Re: Schema collision results in multiple data directories per table

2021-10-15 Thread Jeff Jirsa

Heap dumps + filesystem inspection + SELECT from schema tables.


On Fri, Oct 15, 2021 at 3:28 PM Tom Offermann 
wrote:

> Interesting!
>
> Is there a way to determine if the on-disk schema and the in-memory schema
> are in sync? Is there a way to force them to sync? If so, would it help to
> force a sync before running an `ALTER KEYSPACE` schema change?
>
> On Fri, Oct 15, 2021 at 3:08 PM Jeff Jirsa  wrote:
>
>> I would not expect an ALTER KEYSPACE to introduce a divergent CFID, that
>> usually happens during a CREATE TABLE. With no other evidence or ability to
>> debug, I would guess that the CFIDs diverged previously, but due to the
>> race(s) I described, the on-disk schema and the in-memory schema differed,
>> and the ALTER KEYSPACE forces the schema from one host to be serialized and
>> forced to the others, where the actual IDs get reconciled.
>>
>> You may be able to confirm/demonstrate that by looking at the timestamps
>> on the data directories across all of the hosts in the cluster?
>>
>>
>>
>> On Fri, Oct 15, 2021 at 3:02 PM Tom Offermann 
>> wrote:
>>
>>> Jeff,
>>>
>>> Thanks for describing the race condition.
>>>
>>> I understand that performing concurrent schema changes is dangerous, and
>>> that running an `ALTER KEYSPACE` on one node, and then running another
>>> `ALTER KEYSPACE` on a different node, before the first has fully propagated
>>> throughout the cluster, can lead to schema collisions.
>>>
>>> But, can running a single `ALTER KEYSPACE` on a single node also be
>>> vulnerable to this race condition?
>>>
>>> We were careful to make sure that all nodes in both datacenters were on
>>> the same schema version ID by checking the output of `nodetool
>>> describecluster`. Since all nodes were in agreement, I figured that I had
>>> ruled out the possibility of concurrent schema changes.
>>>
>>> As I mentioned, on the day before, we did run 3 different `ALTER
>>> KEYSPACE` schema changes (to add 'dc2' to system_traces,
>>> system_distributed, and system_auth) and also ran `nodetool rebuild` for
>>> each of the 3 keyspaces.

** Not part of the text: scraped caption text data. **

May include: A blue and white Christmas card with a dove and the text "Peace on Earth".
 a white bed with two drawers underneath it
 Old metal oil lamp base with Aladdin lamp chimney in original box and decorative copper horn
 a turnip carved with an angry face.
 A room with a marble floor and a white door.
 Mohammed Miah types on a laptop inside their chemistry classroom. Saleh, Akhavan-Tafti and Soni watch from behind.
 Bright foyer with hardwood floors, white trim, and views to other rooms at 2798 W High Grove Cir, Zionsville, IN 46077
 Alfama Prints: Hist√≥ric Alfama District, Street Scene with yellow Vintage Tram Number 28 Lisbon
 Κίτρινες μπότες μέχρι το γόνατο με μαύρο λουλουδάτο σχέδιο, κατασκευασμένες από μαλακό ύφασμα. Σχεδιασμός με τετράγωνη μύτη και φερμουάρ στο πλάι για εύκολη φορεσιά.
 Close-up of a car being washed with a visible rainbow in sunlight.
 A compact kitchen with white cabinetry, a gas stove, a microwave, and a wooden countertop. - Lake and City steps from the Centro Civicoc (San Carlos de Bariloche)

Is it possible that one or more of these schema
>>> changes hadn't fully propagated 24 hours later, even though `nodetool
>>> describecluster` showed all nodes as being on the same schema version? Is
>>> there a better way to determine that I am not inadvertently issuing
>>> concurrent schema changes?
>>>
>>> I'm also curious about how CFIDs are generated and when new ones are
>>> generated. What I've noticed is that when I successfully run `ALTER
>>> KEYSPACE` to add a datacenter with no errors (and make no other schema
>>> changes), then the table IDs in `system_schema.tables` remain unchanged.
>>> But, when we saw the schema collision that I described in this thread, that
>>> resulted in new table IDs in `system_schema.tables`. Why do these table IDs
>>> normally remain unchanged? What caused new ones to be generated in the
>>> error case I described?
>>>
>>> --Tom
>>>
>>> On Wed, Oct 13, 2021 at 10:35 AM Jeff Jirsa  wrote:
>>>
>>>> I've described this race a few times on the list. It is very very
>>>> dangerous to do concurrent table creation in cassandra with
>>>> non-determistic CFIDs.
>>>>
>>>> I'll try to describe it quickly right now:
>>>> - Imagine you have 3 hosts, A B and C
>>>>
>>>> You connect to A and issue a "CREATE TABLE ... IF NOT EXISTS".
>>>> A allocates a CFID (which is a UUID, which includes a high resolution
>>>> timestamp), starts adjusting it's schema
>>>> Before it can finish that schema, you connect to B and issue the same
>>>> CREATE TABLE statement
>>>> B allocates a DIFFERENT CFID, and starts adjusting its schema
>>>>
>>>> A and B both have a CFID, which they will use to make a data directory
>>>> on disk, and which they will push/pull to the rest of the cluster through
>>>> schema propagation.
>>>>
>>>> The later CFID will be saved in the schema, because the schema is a
>>>> normal cassandra table with last-write-wins semantics, but the first CFID
>>>> might be the one that's used to create the data directory on disk, and it
>>>> may have all of your data in it while you write to the table.
>>>>
>>>> In some cases, you'll get CFID mismatch e

Re: Schema collision results in multiple data directories per table

2021-10-15 Thread Jeff Jirsa

I would not expect an ALTER KEYSPACE to introduce a divergent CFID, that
usually happens during a CREATE TABLE. With no other evidence or ability to
debug, I would guess that the CFIDs diverged previously, but due to the
race(s) I described, the on-disk schema and the in-memory schema differed,
and the ALTER KEYSPACE forces the schema from one host to be serialized and
forced to the others, where the actual IDs get reconciled.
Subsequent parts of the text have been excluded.